I assume we are not talking about the construction of autobahn across the country (though a nice fast rail link between Newcastle/Sydney/Canberra would not go astray).
Is it simply a question of setting interest rates/labour market policies that induce private individuals or organisations to offer sufficient jobs or does it extend to the actual creation of job intensive projects and thus the jobs that go with those projects?
After all, the building industry and trades could be kept busy on an ongoing basis without any population growth or a mining boom by a simple policy that houses over 70 years old should be demolished and rebuilt. (With an exception made for buildings of clear historical or cultural interest).
Likewise, campaigns encouraging people to visit their physio, psychologist, doctor, re-model their gardens, get a back rub etc etc would stimulate demand for services.
Look forward to your posts concerning the robusta debates at Coffee (sorry).
I’m envious! Couldn’t make it this time. A cheers to Bill and his relentless fight against all these economic zombie ideas trotted out on a daily basis by the media and the zombies themself (Barro, …)
Here’s a good question to ask if you’re in an appropriate forum:
Although Rodger Mitchell and Warren Mosler both point to OPEC as a big factor in inflation, Warren believes that taxes serve to clamp down on private sector demand which in turns slows demand for good and services, cools off the economy and voila, inflation is subdued.
Your cure for inflation is totally different. As I understand it, you believe that higher interest rates will increase the demand/attractiveness for money itself which will in turn subdue inflation.
Your two theories will obviously require very different policies should inflation begin to rise. Taken from here.
Which party is correct? Or are they both correct depending on the circumstances?
Zebra, Senexx, Paul and co. I ended up recording an interview with Bill after the conference. I’m in the process of editing it and will post it on the blog. It mainly focuses on the Job Guarantee, so it covers quite a few of the questions posed here. As Senexx indicated, Bill’s idea of full employment does amount to around 2-3% observed unemployment. This is because he defines full employment as everyone who wants a job having a job, and everyone working as many hours as they want (so zero underemployment). The 2-3% represents “friction” in that at any given point in time there will be people changing jobs or entering the workforce who have not yet got a job but will, in short order, get one.
Bill also discusses some of the sorts of jobs that the Job Guarantee would create. They would predominantly be public sector (multiplier effects mean that the very existence of the Guarantee would result in more employment, more spending and hence more private sector jobs too) and mostly coordinated at a local level. Examples would include environmental work or work in aged care services.

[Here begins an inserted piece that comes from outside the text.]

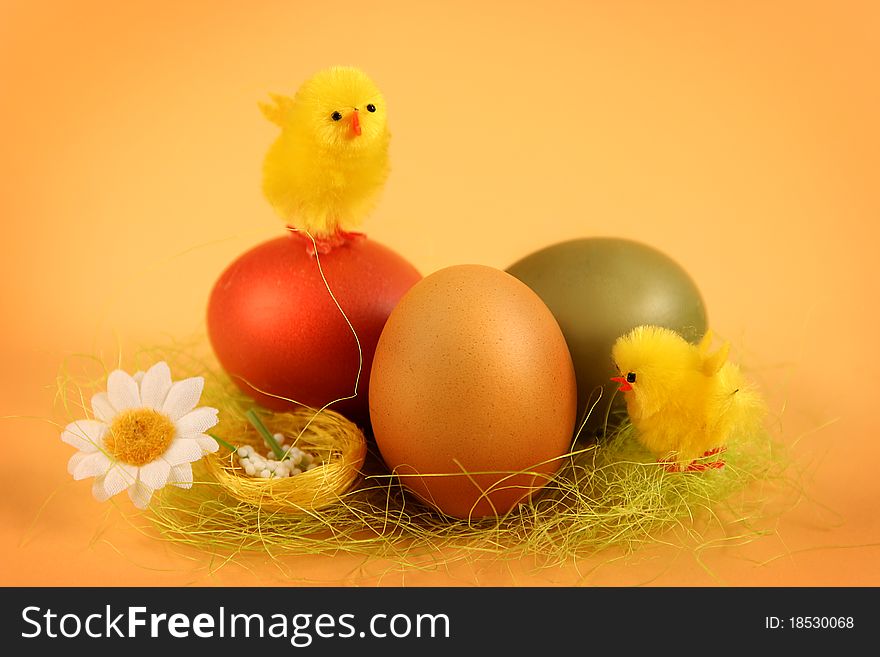 Easter chicken with colored eggs. Easter chicken with colored eggs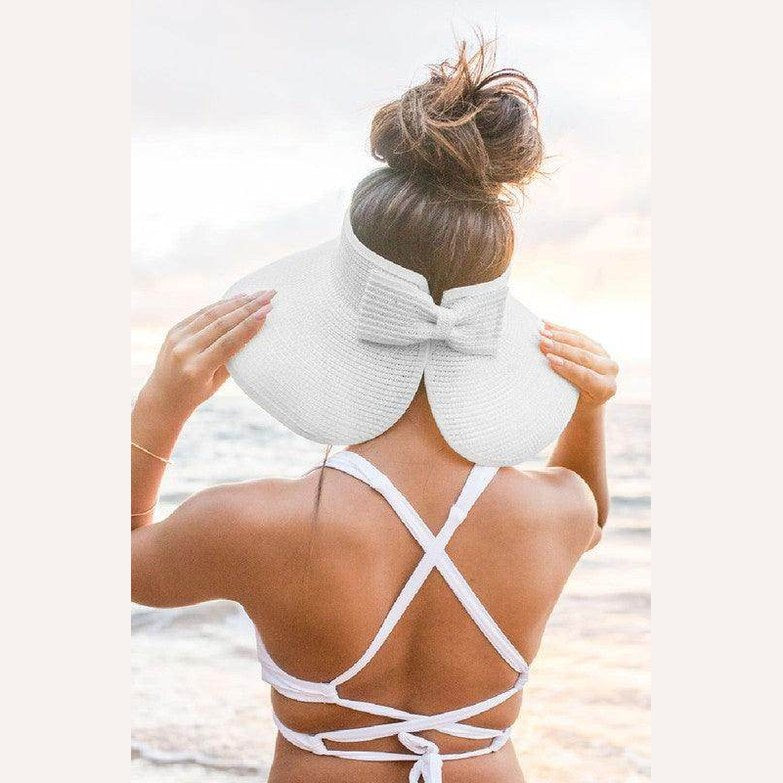 Stylish large brim bow beach hat in white, perfect for sunny days and beach outings.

Senexx as for the question about deficits and interest rates, Bill’s argument is that deficit spending in the first instance increases bank reserves and (unless the central bank pays interest on reserves, which is the case in Australia), banks would compete to lend these reserves out in the interbank market and would offer a lower and lower interest rate to attract the funds. Of course, in practice, central banks like Australia’s do manage the process to target a particular rate through a combination of paying interest on reserve balances and open market operations (buying/selling bonds).